What Is Extended Aeration Process?

What Is Extended Aeration Process?

What Is Extended Aeration Process?

Aeration is a process that uses air or oxygen to treat wastewater. The most common types of aeration include conventional aeration and extended aeration.

Extended aeration is a type of aerobic treatment process for waste water and water bodies that may be contaminated with harmful organic matter.

This method forces air into the liquid in order to remove the pollutants through oxidation, which is achieved by using bacteria that consume organic compounds.

Extended aeration is a biological treatment process that uses oxygen to convert the organic material that is present in wastewater into carbon dioxide (CO) and water (HO).

Aerobic bacteria break down the organic matter into carbon dioxide, which can be removed from a wastewater treatment plant through ventilation or by burning it off as heat energy.

An aerobic treatment system has many benefits over other types of oxidation processes because it uses less energy than anaerobic processes and produces fewer odors than chemical oxidation methods.

Most common aerobic treatment processes include trickling filters and rotating biological contactors (RBCs), but extended aeration can also be used for secondary treatment if desired by increasing contact time between effluent and air bubbles on top of sludge cakes formed during primary clarification steps such as thickening or flotation before they are sent back through filtration beds again with more fresh influent being added every few hours until full capacity has been reached.

What Is The Difference Between Conventional And Extended Aeration?

The main difference between conventional or rapid aeration systems and extended aeration systems is that in conventional systems, the water flows through the bioreactor at high velocities. In extended aeration systems, it is pumped at low velocities.

Conventional aerators have higher flow rates than extended aerators because they rely on turbulence to mix air into water.

On the other hand, extended-aeration technologies use diffused air injection methods that produce lower mixing speeds but are more efficient in transferring oxygen from bubbles to liquid phase (Kamal et al., 2001).

This results in improved settling out of solids due to less turbulence and better contact between suspended particles and dissolved oxygen released by bubbles (Bozzolo et al., 2004).

The flow rate in conventional systems varies from 80 to 150 litres per minute per square metre of surface area. In extended aeration systems, flow rates of around 0.5 litres per minute per square metre are used.

Flow rate is the amount of water passing through a unit area in a given time. In conventional aeration systems, flow rates of 80 to 150 litres per minute per square metre are used. In extended aeration systems, flow rates of 0.5 litres per minute per square metre are used.

This means that less oxygen is exchanged with the surrounding environment and therefore less CO2 will be released into the atmosphere as well as less nitrates being discharged into lakes or rivers when compared to conventional systems

Conventional systems typically use mechanical mixing techniques to ensure good distribution of air throughout the wastewater body, whereas extended aeration systems use more physical means such as baffles and weirs to achieve this result.
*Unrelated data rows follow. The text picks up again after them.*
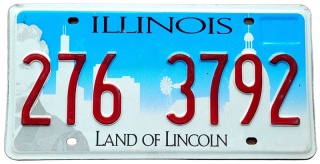 Illinois - tablica z USA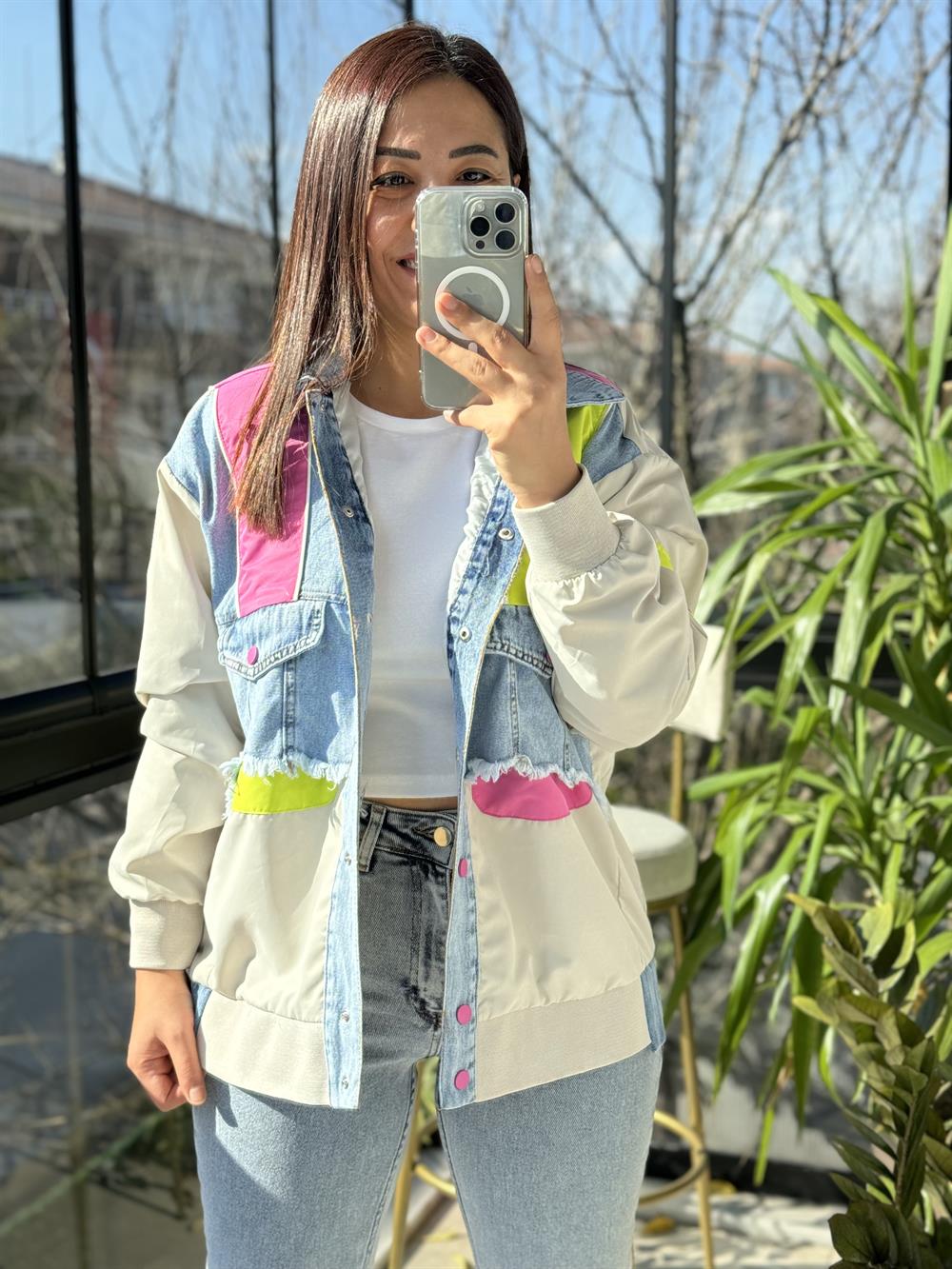 Porto Mix Biyeli Ceket Taş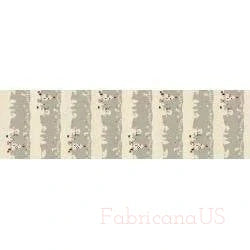 Waku Waku Christmas - Mr Polar Bear - Gray Unbleached Fabric - White - Grey - Red - Cotton+ Steel - Quilting Cotton - NM201-GY3U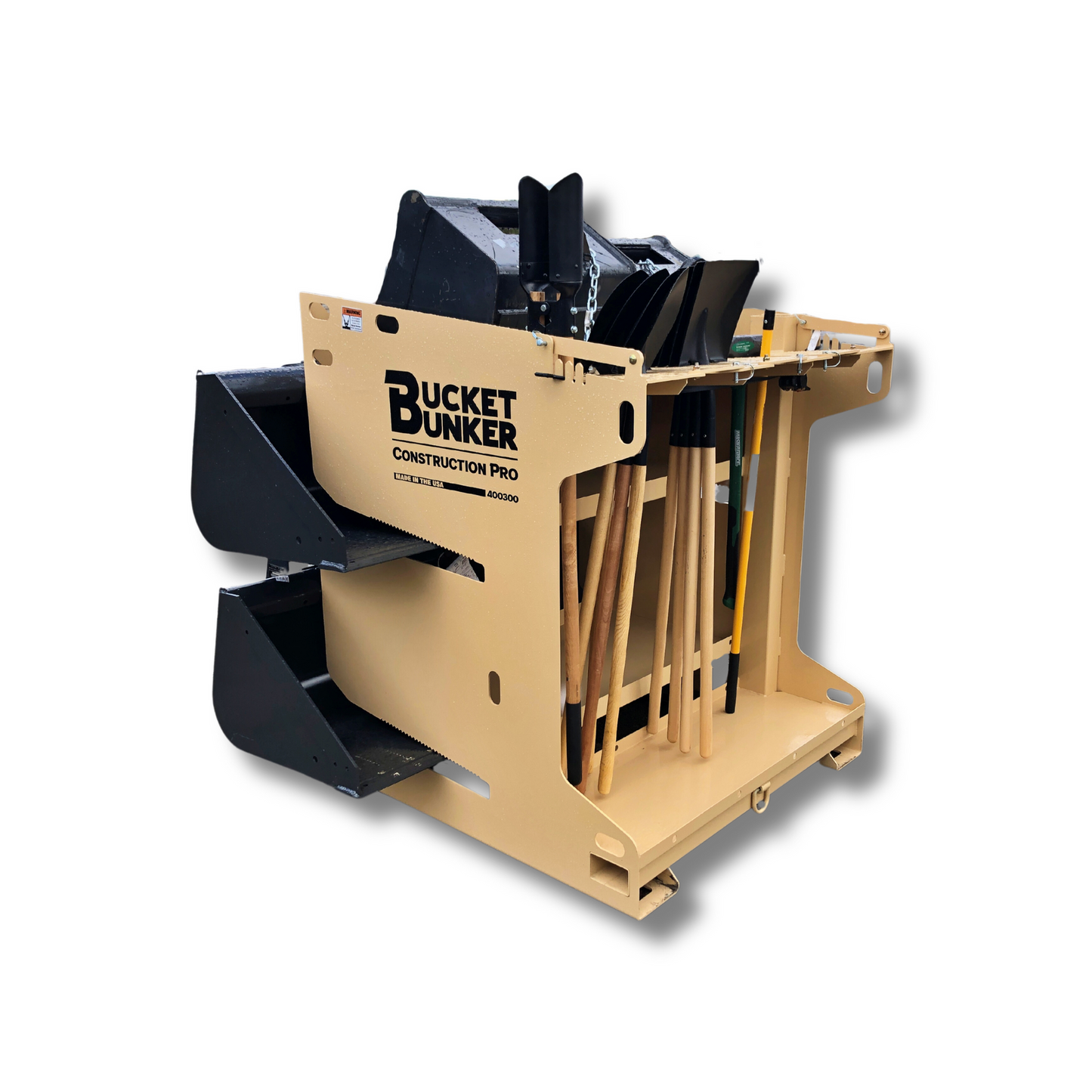 Bucket Bunker Construction PRO | Width 48" | Length 48" | Hydraulic Flow Range 15-25 GPM | Machine Size 3-6 Tons | For Skid Steers & Mini Excavators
Extended aeration is a process that uses a combination of both physical and chemical processes to treat wastewater.

It can offer benefits over conventional treatment methods in terms of efficiency, cost effectiveness, flexibility and ease of operation.

Another major difference between conventional and extended aeration is that in conventional systems, the biomass produced by the microorganisms settles out fairly rapidly due to gravity; therefore, these have to be removed periodically so that they do not clog up pipes or interfere with operating parameters such as pH levels.

In extended aeration systems, however, this settling out does not take place because there are no mechanical disturbances within the bioreactor itself; therefore, bacteria continue working until they consume all available nutrients in the wastewater body.